裁判員と評議の秘密

2009-09-24 | 裁判員裁判/被害者参加/強制起訴
中日新聞【社説】裁判員と評議の秘密 週のはじめに考える
2009年9月20日
 裁判員裁判が各地で始まり、市民裁判員の熱意が伝わってきます。その分、課題も浮かんできました。裁判員の知恵をどう共有するかもその一つです。
 全国三件目となった青森地裁の裁判員裁判の判決要旨を読んでいて、少し変わってきたぞ、と思わせる個所がありました。
 連続強姦(ごうかん)を含む事件に有罪を言い渡した判決は、卑劣、身勝手というこれまでの言い回しとともに「女性の人格を無視した」と述べていました。検察の冒頭陳述にもあった言葉ですが、市民裁判員のまず言いたかったことではないでしょうか。
 読み取れる市民感覚
 さらに「被害者が被告に『できれば一生刑務所に入ってほしい』『だめならできるだけ長く…』などと厳しい処罰を望むのも当然であり、重く受け止めなければならない」と述べていました。
 同情型の厳罰というのでなく、被害女性の声を聞き、心の傷が肉体の傷よりも深く、癒やしがたいという市民感覚の判断と読み取れました。犯行の悪質さや危険性の指摘はそのあとです。
 それらの結果として求刑通りの懲役十五年という重い刑が言い渡されたのですが、量刑は重い意見の順に票を足していき、過半数となったところで決まります。ただし裁判官一人以上を含まねばならないので、裁判官の中にも求刑通りの意見があったわけです。素人だから厳罰化傾向というわけでもないようです。
 こうやって見てくると、密室で行われた評議が、どの辺りに重点を置いていたか見当の付く気もします。最初の裁判員裁判の東京地裁、二件目のさいたま地裁の判決では読み取れなかったことです。
 外国のケースを紹介します。まず陪審制のお手本の米国。
 評議内容共有の考え
 陪審員は評決を出すまでは守秘義務がありますが、そのあとは自由に話せます。大きな事件では陪審員にマスコミのマイクが向けられます。市民の代表として裁いたのだから、評議内容は市民で共有すべきだという考え方です。
 有名でない事件でも検察官や弁護士は話してくれる陪審員には個別に聞きに行くのだそうです。そうやって陪審員たちの考え方、社会常識が検察や弁護士に伝わると考えることもできます。

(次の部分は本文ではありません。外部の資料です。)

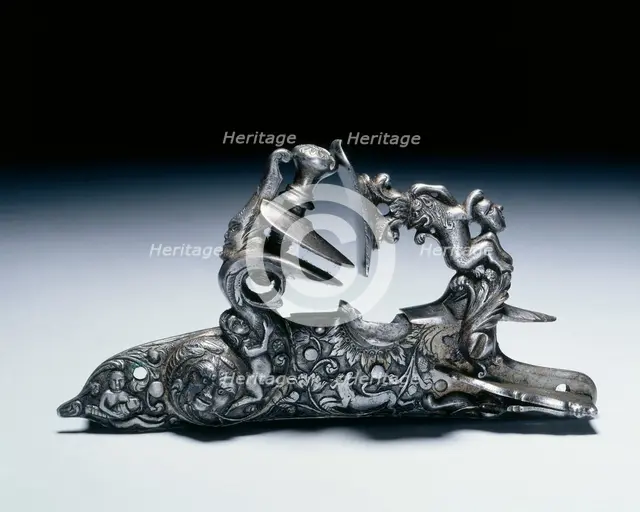 Snaphance Gunlock, c.1660-80. Creator: Unknown.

 ヨーロッパでは、ドイツやフランスなど任期制の市民参審員が裁判官とともに裁く参審制が主流です。参審員には守秘義務が課せられます。北欧のスウェーデンは陪審、参審併用で、陪審は出版や表現の自由に関する時に用いられます。時代認識や社会的バランスを必要とするからでしょう。
 さて、日本の裁判員制度は、裁判ごとに裁判員を選ぶ陪審制と、裁判官とともに裁く参審制の中間といわれますが、実態は参審制でしょう。裁判員には裁判官同様の守秘義務が課せられ、裁判員には刑罰も伴います。
 守秘義務の対象は二つです。一つはプライバシーや個人情報で、むろん守られるべきでしょう。
 もう一つは評議の秘密です。裁判員法には「評議の経過、それぞれの裁判官及び裁判員の意見とその多少の数」と書いてあります。多少の数とは評決の票数。秘密にするのは、裁判員や裁判官の自由な意見を萎縮(いしゅく)させないためなどと説明されます。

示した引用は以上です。